(RECORDS)
------------------------------------------------
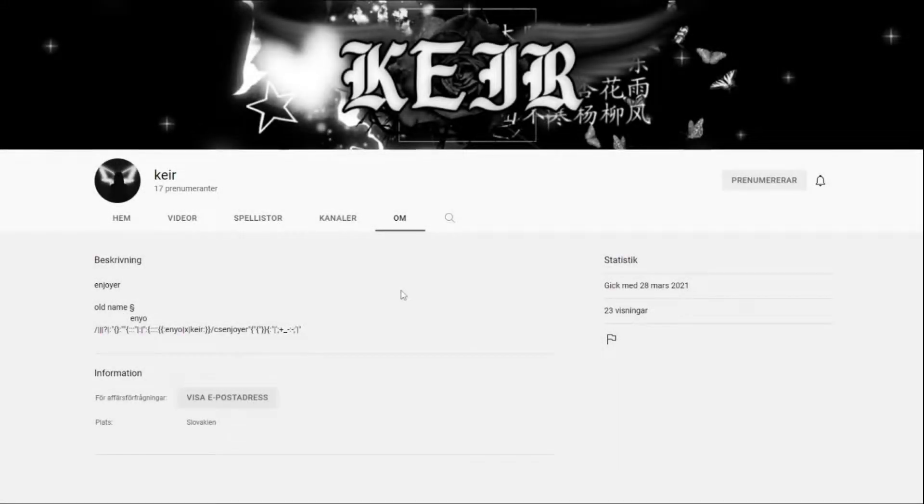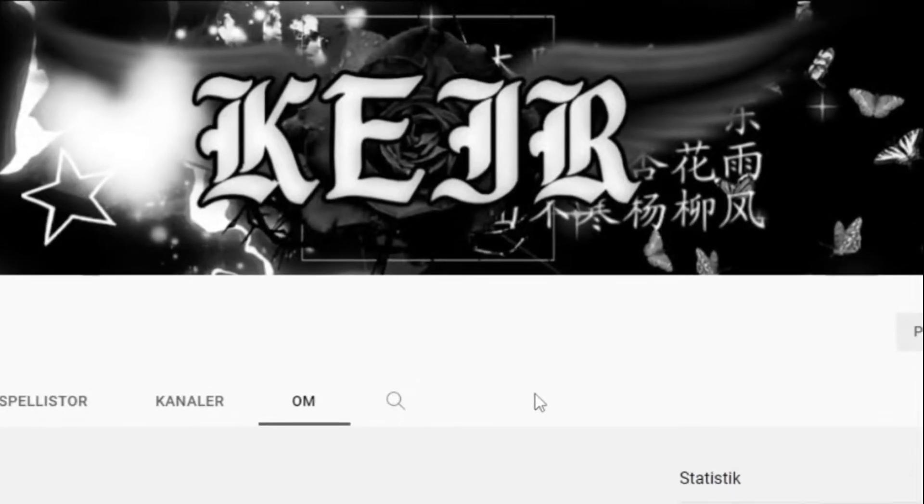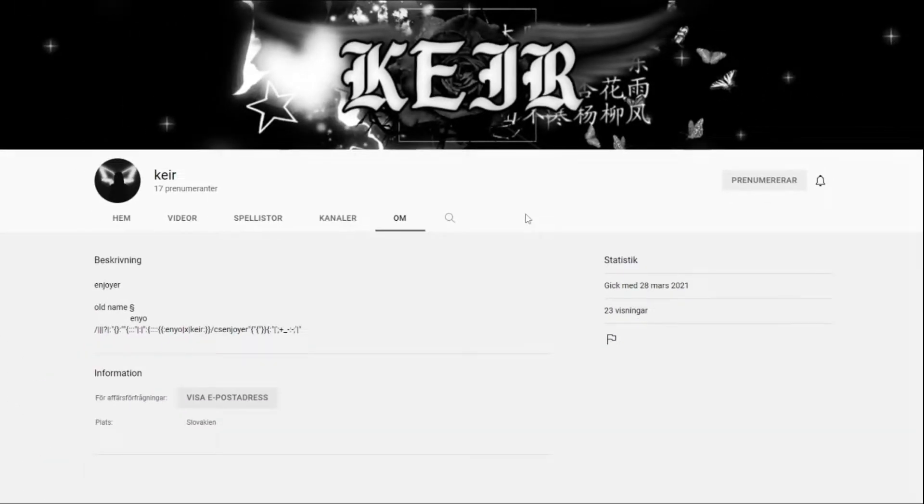What's up bros, before we start today I want to give a big shout out to Kir. He's been helping me lately doing my thumbnails and stuff, and if you guys ever need any kind of graphic design help make sure you contact him. I'm sure he can help you. I'll put a link to his channel in the description and to my Discord server where you can find him.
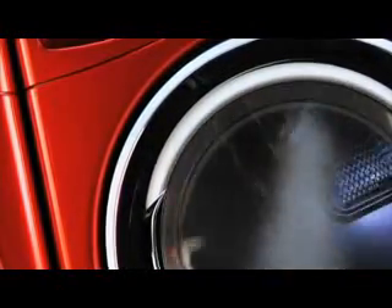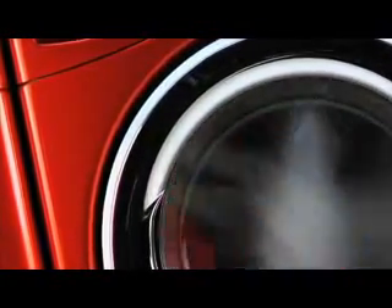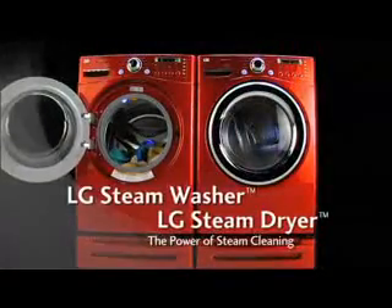True Steam in the dryer helps to dramatically reduce wrinkles and odors, and virtually eliminate static cling and the need for ironing. Discover the gentle power of True Steam technology.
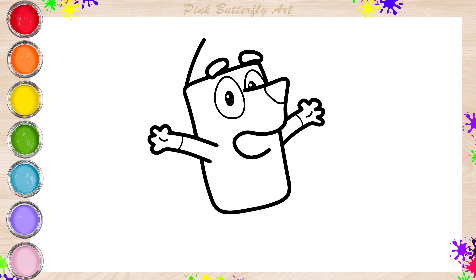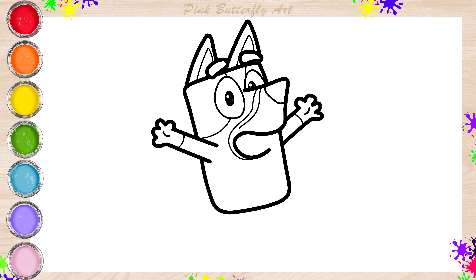Now, her ears. Let's draw her spots. Now, her mouth.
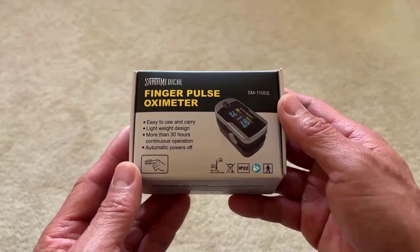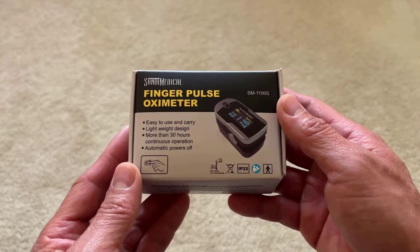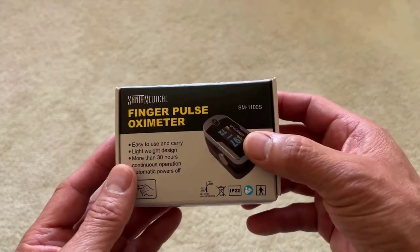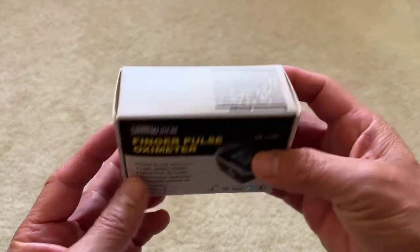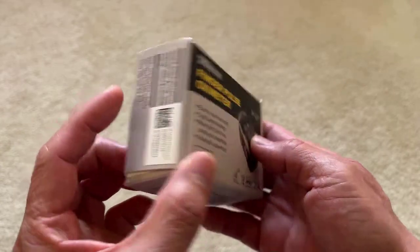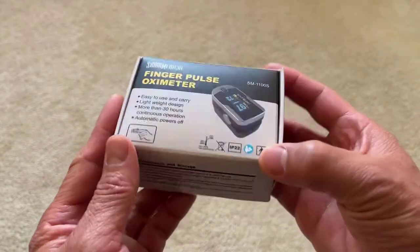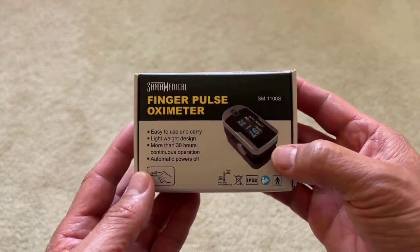Hi, in this video I'll be covering the Santa Monica Generation 2 Finger Pulse Oximeter. This oximeter is a quick and precise way to check your pulse or heart rate and blood oxygen saturation levels. The 'two' describes the fact that this oximeter measures two functions: your pulse rate and your current level of oxygen saturation in the blood.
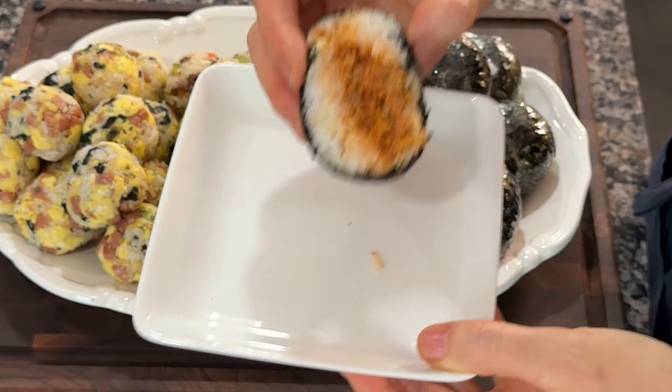Roast a few sheets of gim (seaweed) in a pan. Later, I will crush these to use in the rice balls.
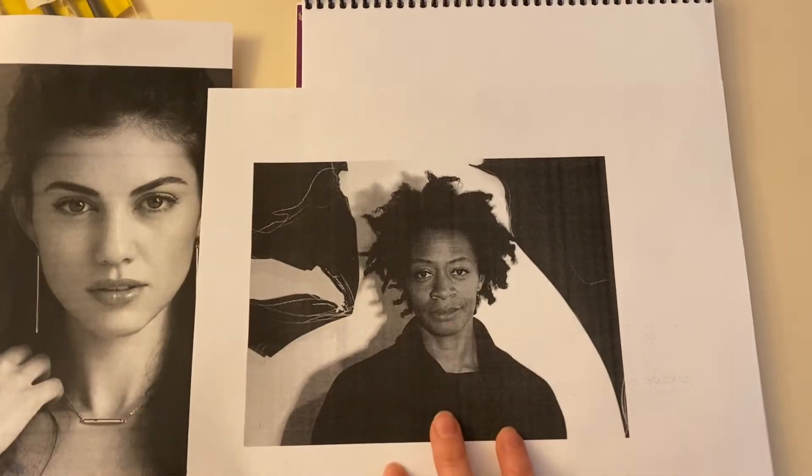It's much better to get everything drawn and then evaluate and change things than to get stuck on one detail like one eye. I know things are not perfect but I'll come back to it. This eyebrow definitely comes down a little further.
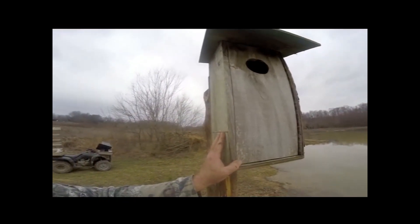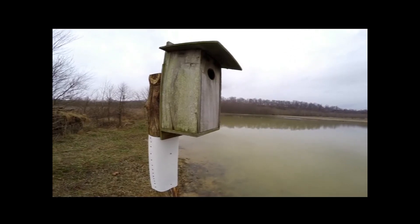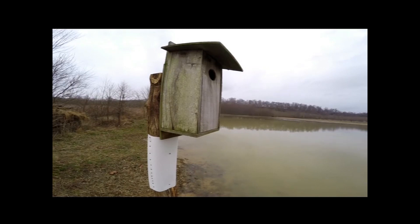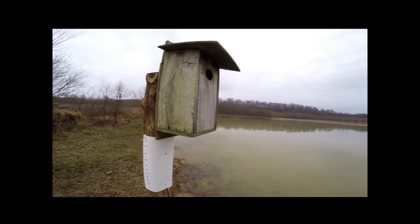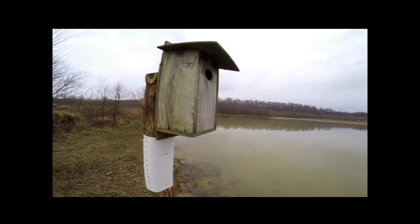I got the duck box on the post — there's the finished wood duck box. Wood ducks nest in hollow trees and there's not that many hollow trees out there for all the wood ducks, so we built these wood duck boxes to help them. I think it'll nest and I'll get to see these little baby ducks on my pond this summer. They're pretty ducks.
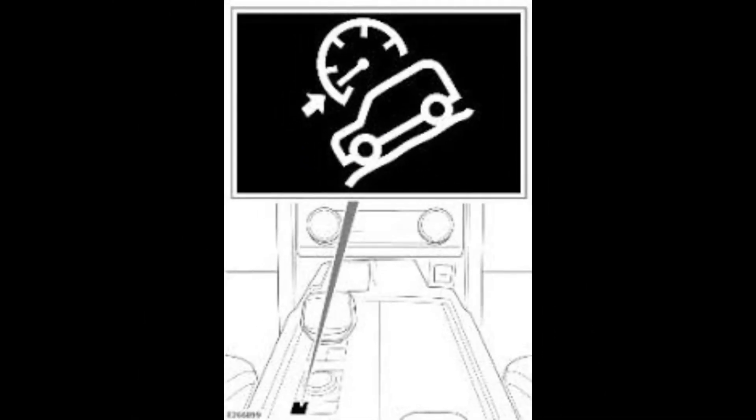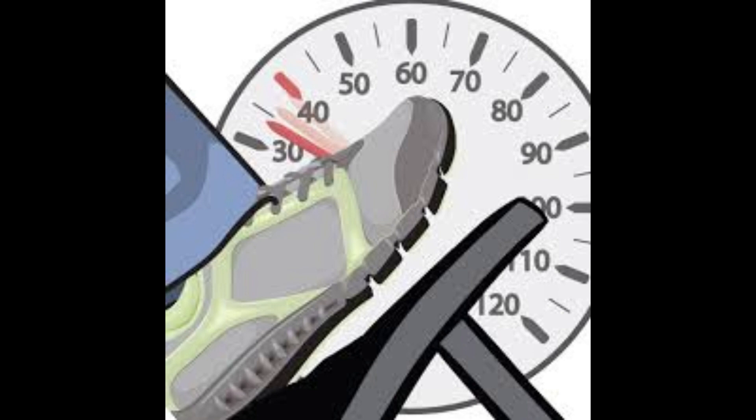The Hill Descent Control system is designed to keep the vehicle under control, so you should be using it when necessary. Even though the car is maintaining your speed, you will still need to be cautious when going down a hill. Always be prepared to step on the brake in case you need to slow suddenly.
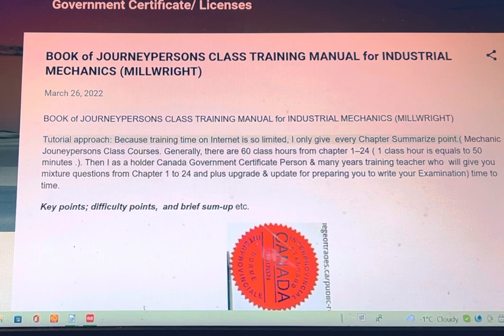This time, I will give you an introduction to the training manual — the Book of Journeyperson's Class Training Manual for Industrial Mechanics Millwright, tutorial approach.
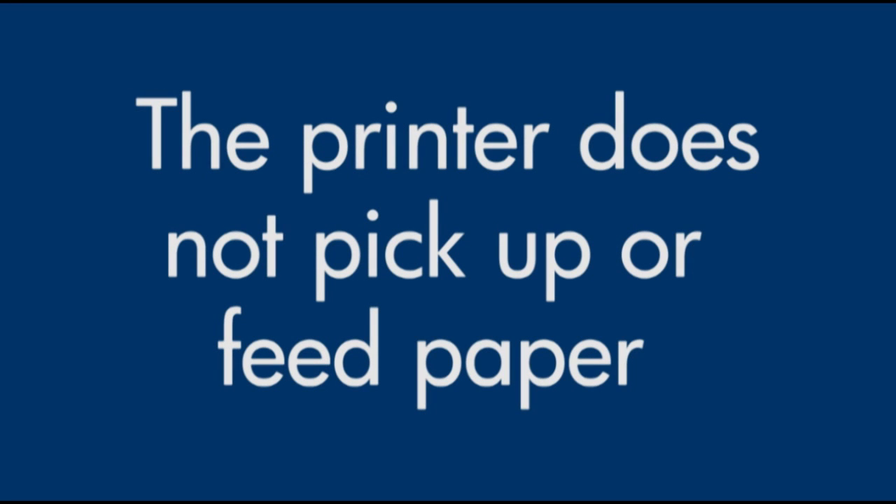This video will show you what to do if your printer does not pick up or feed paper from the input tray, or you receive an out of paper error message on your computer when you do have paper loaded.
------------------------------------------------
(WHAT NEEDS TO BE DONE)
In the records above, find the line with "Roast a few". Print exactly from there through the line with "This time, I", minus the pictures.

(ANSWER FOR THIS EXERCISE)
Roast a few sheets of gim (seaweed) in a pan. Later, I will crush these to use in the rice balls.
It's much better to get everything drawn and then evaluate and change things than to get stuck on one detail like one eye. I know things are not perfect but I'll come back to it. This eyebrow definitely comes down a little further.
I got the duck box on the post — there's the finished wood duck box. Wood ducks nest in hollow trees and there's not that many hollow trees out there for all the wood ducks, so we built these wood duck boxes to help them. I think it'll nest and I'll get to see these little baby ducks on my pond this summer. They're pretty ducks.
The Hill Descent Control system is designed to keep the vehicle under control, so you should be using it when necessary. Even though the car is maintaining your speed, you will still need to be cautious when going down a hill. Always be prepared to step on the brake in case you need to slow suddenly.
This time, I will give you an introduction to the training manual — the Book of Journeyperson's Class Training Manual for Industrial Mechanics Millwright, tutorial approach.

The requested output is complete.